A few years ago, I happened to say offhandedly to Martine—who's been our postwoman in Choranche for ages—that I was thinking of killing my old chooks [hens, for non-Australian readers], which had stopped laying eggs, but I wasn't quite sure how to go about it. Now, it so happens that Martine is a pure country girl from down in the south-west corner of France, and she can kill a chook just as easily as delivering a letter. After finishing her postal work, at midday, she came back up to Gamone and gave me a marvelous hands-on demonstration of slaughtering a chook, plucking it and preparing it for the oven.
Talking about our postal service, I've always been intrigued by a stone carving in the façade of their post office in the main street of Pont-en-Royans. 1490, that's a hell of a long time ago. Does this really mean that the two-story building that houses the post office of Pont-en-Royans was erected two years before Columbus discovered America? Probably yes, but we can't verify this hypothesis since the crazed revolutionaries of 1793 burned all the ancient archives of Pont-en-Royans.
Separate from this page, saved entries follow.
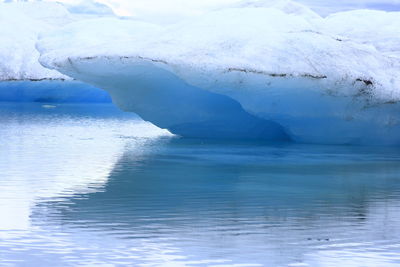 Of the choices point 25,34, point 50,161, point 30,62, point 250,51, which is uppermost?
point 25,34

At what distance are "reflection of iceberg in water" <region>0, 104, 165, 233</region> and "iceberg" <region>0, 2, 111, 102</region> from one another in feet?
33.4

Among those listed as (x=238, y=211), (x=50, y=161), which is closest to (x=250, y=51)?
(x=50, y=161)

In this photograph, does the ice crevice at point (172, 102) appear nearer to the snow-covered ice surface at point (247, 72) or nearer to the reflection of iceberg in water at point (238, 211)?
the snow-covered ice surface at point (247, 72)

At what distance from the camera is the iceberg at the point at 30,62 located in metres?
26.9

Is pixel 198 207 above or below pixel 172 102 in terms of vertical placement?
below

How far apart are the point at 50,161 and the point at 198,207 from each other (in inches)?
149

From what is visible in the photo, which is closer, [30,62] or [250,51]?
[250,51]

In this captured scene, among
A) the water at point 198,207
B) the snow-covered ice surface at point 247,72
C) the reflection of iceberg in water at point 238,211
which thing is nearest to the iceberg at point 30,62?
the snow-covered ice surface at point 247,72

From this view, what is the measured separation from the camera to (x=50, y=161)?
9.36m

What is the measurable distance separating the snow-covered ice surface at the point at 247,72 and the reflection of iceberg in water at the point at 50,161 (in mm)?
982

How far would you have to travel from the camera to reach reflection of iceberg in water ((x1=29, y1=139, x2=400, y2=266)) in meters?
4.40

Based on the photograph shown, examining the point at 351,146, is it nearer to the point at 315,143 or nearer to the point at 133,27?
the point at 315,143

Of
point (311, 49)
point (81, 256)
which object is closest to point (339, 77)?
point (311, 49)

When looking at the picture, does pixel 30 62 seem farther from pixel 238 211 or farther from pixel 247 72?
pixel 238 211
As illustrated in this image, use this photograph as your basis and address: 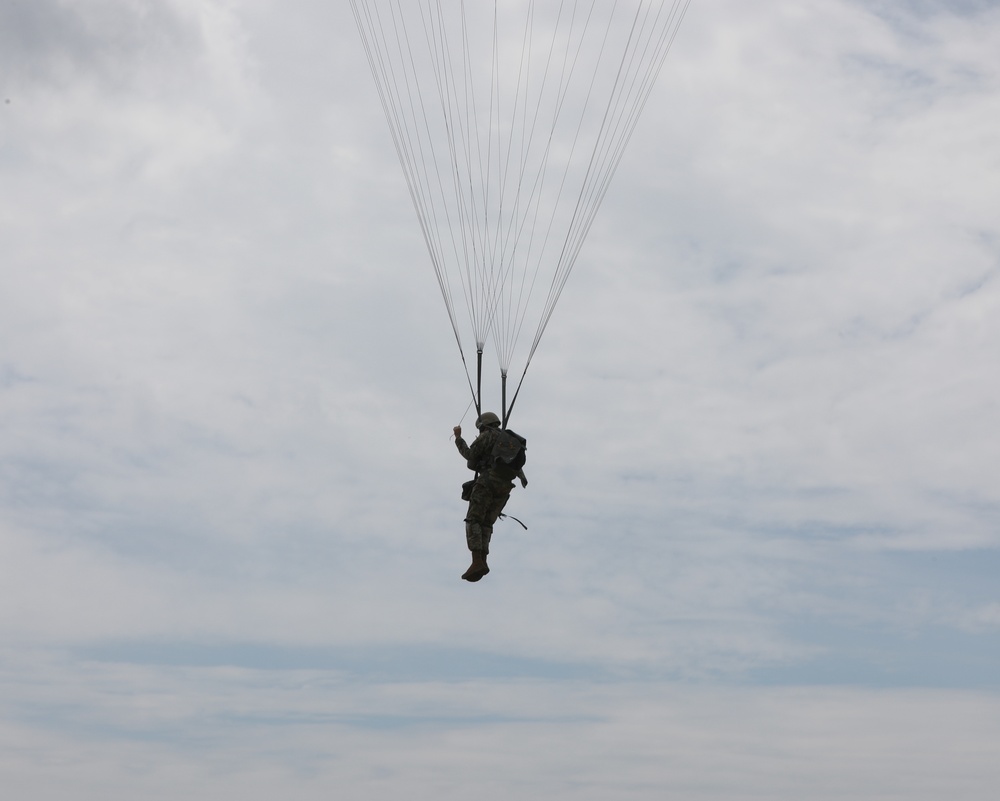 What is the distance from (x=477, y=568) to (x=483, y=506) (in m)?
1.01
All the archives? Well, not quite all the archives. Sitting here on my computer, there's a digitized ten-page parchment that describes in detail the medieval real estate of Pont-en-Royans. In this tiny fragment, you can clearly distinguish the word Pontis in the upper left-hand corner. Sure, it's not easy to plow through fuzzy medieval Latin. Personally, I have a lot of trouble in deciphering this stuff. As far as I know, no scholar has ever yet attempted to analyze and translate this parchment.
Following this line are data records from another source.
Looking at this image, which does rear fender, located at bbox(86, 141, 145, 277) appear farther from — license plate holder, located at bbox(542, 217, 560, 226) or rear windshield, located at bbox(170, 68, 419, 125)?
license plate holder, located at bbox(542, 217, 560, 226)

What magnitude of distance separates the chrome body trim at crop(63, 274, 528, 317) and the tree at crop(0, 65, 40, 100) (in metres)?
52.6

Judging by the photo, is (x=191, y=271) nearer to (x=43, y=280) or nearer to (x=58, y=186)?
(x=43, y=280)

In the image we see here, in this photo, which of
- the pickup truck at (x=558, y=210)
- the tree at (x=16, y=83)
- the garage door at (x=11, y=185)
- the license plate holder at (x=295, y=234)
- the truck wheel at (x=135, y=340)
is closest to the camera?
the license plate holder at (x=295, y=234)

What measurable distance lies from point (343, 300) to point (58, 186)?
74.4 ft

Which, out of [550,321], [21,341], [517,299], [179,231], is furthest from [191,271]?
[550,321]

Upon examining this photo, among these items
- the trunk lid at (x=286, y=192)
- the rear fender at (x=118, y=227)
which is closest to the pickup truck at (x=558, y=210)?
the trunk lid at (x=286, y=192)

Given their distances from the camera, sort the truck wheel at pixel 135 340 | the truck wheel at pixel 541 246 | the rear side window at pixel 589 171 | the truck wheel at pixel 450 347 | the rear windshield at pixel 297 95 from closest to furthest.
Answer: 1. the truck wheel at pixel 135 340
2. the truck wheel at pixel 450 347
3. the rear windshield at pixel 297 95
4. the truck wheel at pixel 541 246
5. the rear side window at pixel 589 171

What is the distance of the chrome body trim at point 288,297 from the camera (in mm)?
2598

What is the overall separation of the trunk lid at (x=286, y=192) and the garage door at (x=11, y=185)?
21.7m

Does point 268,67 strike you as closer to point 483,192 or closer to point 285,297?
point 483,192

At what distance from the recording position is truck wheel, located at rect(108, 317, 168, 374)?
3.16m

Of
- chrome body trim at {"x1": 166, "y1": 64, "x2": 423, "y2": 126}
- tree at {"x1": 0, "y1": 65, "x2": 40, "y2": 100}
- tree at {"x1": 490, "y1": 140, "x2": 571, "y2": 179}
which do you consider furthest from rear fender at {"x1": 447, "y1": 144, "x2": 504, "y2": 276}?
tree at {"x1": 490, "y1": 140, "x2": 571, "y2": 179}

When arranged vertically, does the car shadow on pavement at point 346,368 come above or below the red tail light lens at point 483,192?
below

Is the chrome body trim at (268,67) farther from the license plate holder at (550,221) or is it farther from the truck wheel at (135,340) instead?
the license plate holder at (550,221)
If ever I were to put together funds, find specialists and succeed in organizing a serious deciphering effort for these priceless Royans parchments [as I've been trying to do for the last two years], would they finally tell me whether the post office building was really two years older than the America of Columbus? No, not at all. The parchments were written around 1350. So, America and Martine's post office at Pont-en-Royans were still well over a century away in the future.